Sarcohyla celata
- Conservation status: Near Threatened (IUCN 3.1)

Scientific classification
- Kingdom: Animalia
- Phylum: Chordata
- Class: Amphibia
- Order: Anura
- Family: Hylidae
- Genus: Sarcohyla
- Species: S. celata
- Binomial name: Sarcohyla celata (Toal and Mendelson [fr], 1995)
- Synonyms: Hyla celata Toal and Mendelson, 1995; Plectrohyla celata (Toal and Mendelson, 1995);

= Sarcohyla celata =

- Authority: (Toal and Mendelson, 1995)
- Conservation status: NT
- Synonyms: Hyla celata Toal and Mendelson, 1995, Plectrohyla celata (Toal and Mendelson, 1995)

Species of frog

Sarcohyla celata, also known as the Oaxaca treefrog, is a species of frog in the family Hylidae. It is endemic to Mexico and only known from the Sierra de Juárez in northern Oaxaca. After having not been seen after 1984, it was feared that the species might be extinct.
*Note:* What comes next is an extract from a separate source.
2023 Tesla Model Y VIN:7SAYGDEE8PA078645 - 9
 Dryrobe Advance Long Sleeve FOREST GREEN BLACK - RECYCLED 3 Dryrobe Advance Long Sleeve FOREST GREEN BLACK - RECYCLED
However, the species was rediscovered in field surveys during 2011–2014 and some subpopulations are at healthy levels.

==Taxonomy==
This species was described in 1995 based on specimens collected in 1969–1970 that were first identified as Hyla siopela (now Sarcohyla siopela), as well as few specimens collected from another nearby locality in 1978–1981.

==Description==
Sarcohyla celata is a moderately-sized frog. Adult males measure 38–56 mm and females 38–51 mm in snout–vent length (although the largest specimen was a male, females are larger on average). The snout is blunt. The tympanum is evident. The fingers are long and have vestigial webbing whereas the toes are moderately webbed. The dorsum is bronze brown or leaf green and has scattered, distinct black flecks, mostly on the lateral surfaces of the body. The eyes are bronze with black reticulations. Adult males have prepollex that is ossified, enlarged, and blunt (the "spikethumb"), and bears small nuptial excrescences.

==Habitat and conservation==
The species' natural habitats are cloud forests with pristine streams at elevations of 2640–2890 m above sea level. They breed in streams. Individuals have been found on a mossy rock wall at night, sitting in the spray of a small waterfall, and in direct sunlight on rocks in the middle of a stream.

Sarcohyla celata has always been a rare species. The decline of the species has been attributed to chytridiomycosis, habitat loss and change caused by logging and other human activities, and desiccation. The population has recovered and is now considered stable.